Data supplied:

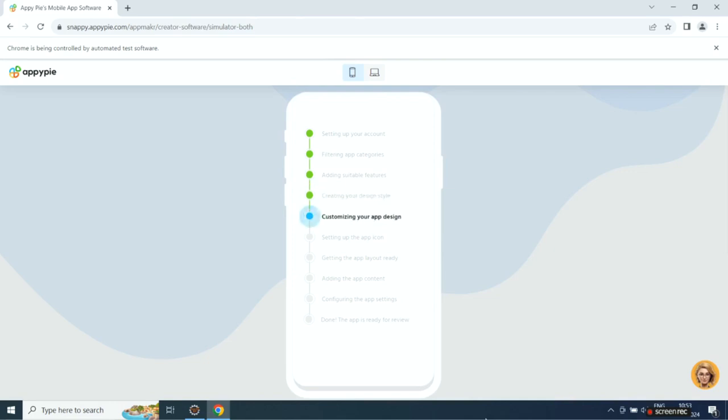Then it will set up the app icon, then it will add app layout, app content, and configure app settings.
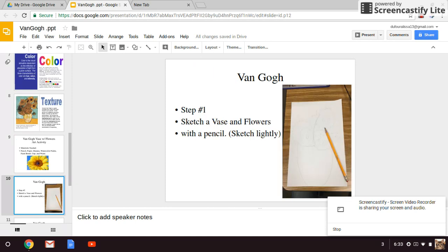Step number one is to sketch a vase and flowers with a pencil. At the end of this PowerPoint, there'll be a couple of images of flowers. Use your imagination of what a vase looks like — it's kind of like a cup, and people place flowers in those. Using a pencil, lightly sketch out a vase with flowers in it.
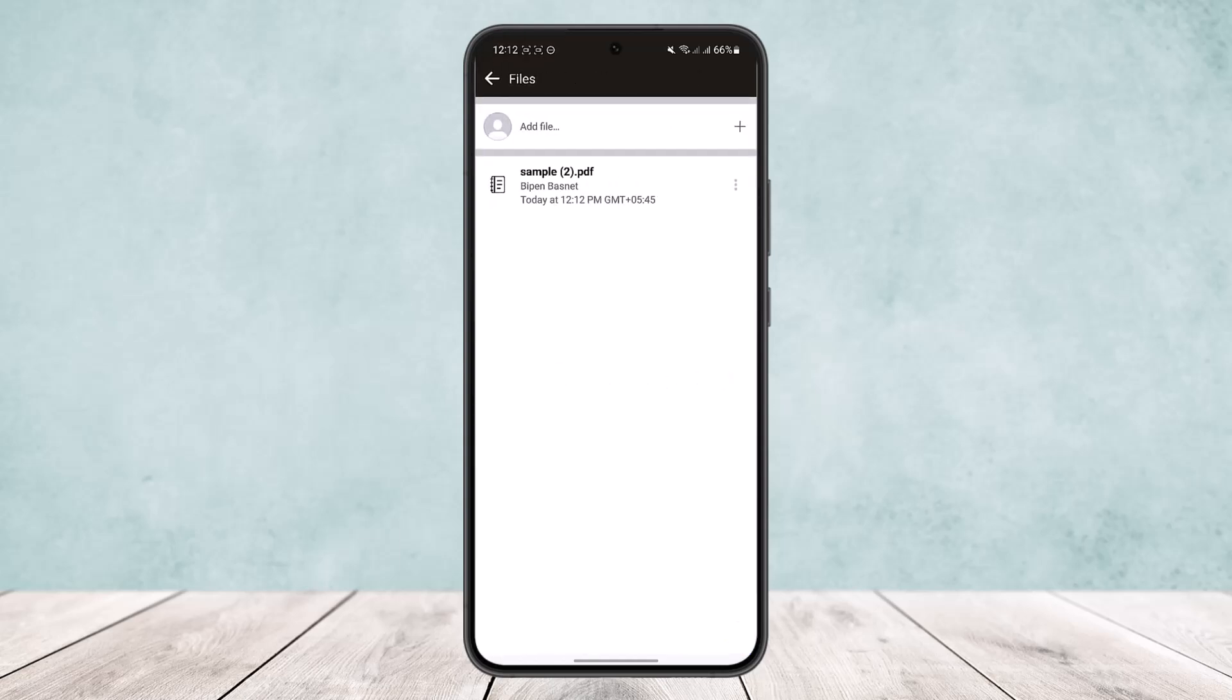So this way you can upload PDF to Facebook or you can upload any type of file to Facebook. Hope this helped you, do like and subscribe and don't forget to leave a comment down below if you have any further issues.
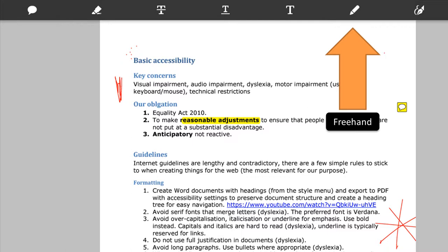The third and final tool we're looking at is the freehand tool, and again very easy to use. You click the icon and then you can draw on top of the document — you can see that the red marks that I've put on this PDF were drawn with this freehand tool.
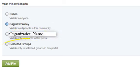The final option is selected groups. This permission works as an internal feature allowing the item to be visible to only select user groups within your organization.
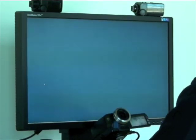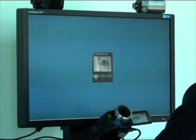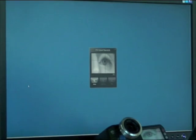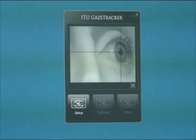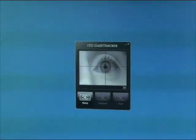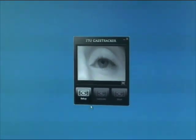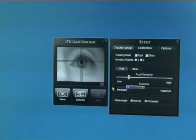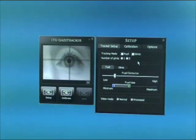When we launch the ITU gaze tracker we are presented with the main application window. This shows the image of the eye if the head is correctly positioned in front of the camera. When we launch the application the only button that is active is the setup, which will launch a setup window where we can tweak the parameters of the eye tracker.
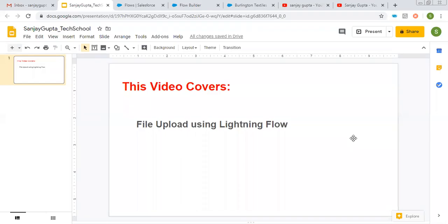Hello friends, I am Sanjay Gupta. I welcome you on Sanjay Gupta Tech School. In this video, I am going to demonstrate how you can upload a file using Lightning Flow in Salesforce.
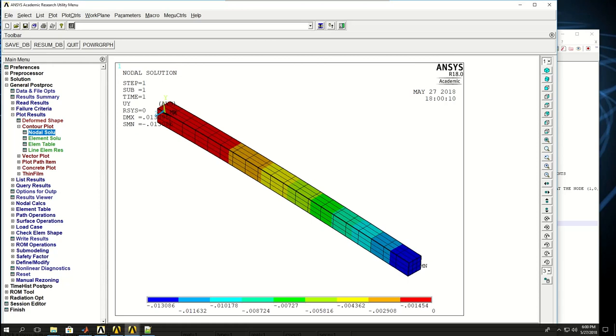So we solved a very simple cantilever beam in ANSYS to get familiar with some of the codings in APDL. We'll get more examples done as we proceed in the course.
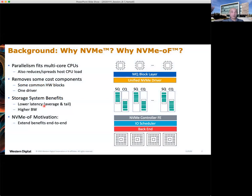NVMe has been around for a few years, and NVMe over fabrics has been around for a few years as well. The ecosystem of NVMe over fabrics continues to mature, which has in turn enabled a growing number of design choices. We now have choices for the type of external and internal fabrics to use, as well as different attach point possibilities, all of which inevitably present trade-offs for the different designs.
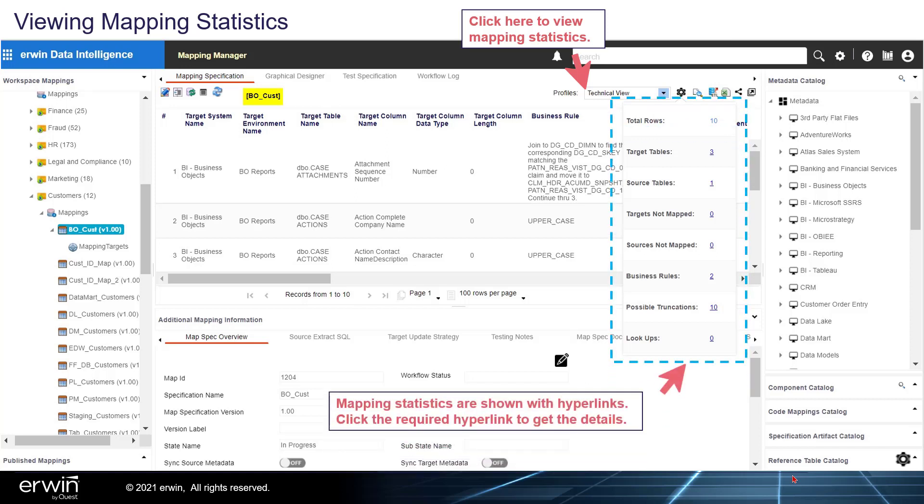The mapping statistics are shown with hyperlinks. Click the required hyperlink to get the details.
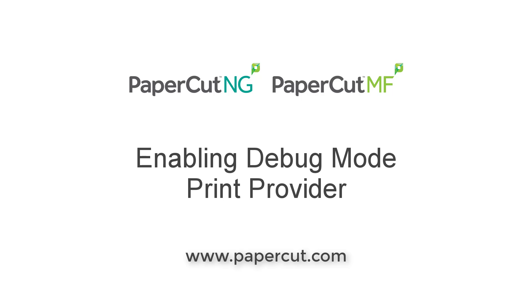You can always find additional information on PaperCut.com. See you next time!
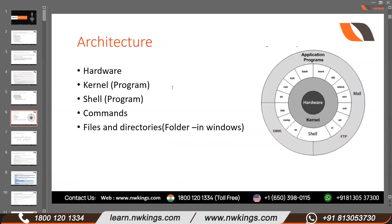Let us start with the architecture. This is very important. The first terminology is the hardware. I think everyone knows what hardware is. Hardware basically comprises of your CPU, RAM, and disk. I'm just giving you an abstract view. So this is the hardware.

What to work on: Word for word, reproduce all of the data, but keep out the pictures.

Exercise solution:
Then it will set up the app icon, then it will add app layout, app content, and configure app settings.
Step number one is to sketch a vase and flowers with a pencil. At the end of this PowerPoint, there'll be a couple of images of flowers. Use your imagination of what a vase looks like — it's kind of like a cup, and people place flowers in those. Using a pencil, lightly sketch out a vase with flowers in it.
So this way you can upload PDF to Facebook or you can upload any type of file to Facebook. Hope this helped you, do like and subscribe and don't forget to leave a comment down below if you have any further issues.
The third and final tool we're looking at is the freehand tool, and again very easy to use. You click the icon and then you can draw on top of the document — you can see that the red marks that I've put on this PDF were drawn with this freehand tool.
The final option is selected groups. This permission works as an internal feature allowing the item to be visible to only select user groups within your organization.
When we launch the ITU gaze tracker we are presented with the main application window. This shows the image of the eye if the head is correctly positioned in front of the camera. When we launch the application the only button that is active is the setup, which will launch a setup window where we can tweak the parameters of the eye tracker.
Hello friends, I am Sanjay Gupta. I welcome you on Sanjay Gupta Tech School. In this video, I am going to demonstrate how you can upload a file using Lightning Flow in Salesforce.
So we solved a very simple cantilever beam in ANSYS to get familiar with some of the codings in APDL. We'll get more examples done as we proceed in the course.
NVMe has been around for a few years, and NVMe over fabrics has been around for a few years as well. The ecosystem of NVMe over fabrics continues to mature, which has in turn enabled a growing number of design choices. We now have choices for the type of external and internal fabrics to use, as well as different attach point possibilities, all of which inevitably present trade-offs for the different designs.
The mapping statistics are shown with hyperlinks. Click the required hyperlink to get the details.
You can always find additional information on PaperCut.com. See you next time!
Let us start with the architecture. This is very important. The first terminology is the hardware. I think everyone knows what hardware is. Hardware basically comprises of your CPU, RAM, and disk. I'm just giving you an abstract view. So this is the hardware.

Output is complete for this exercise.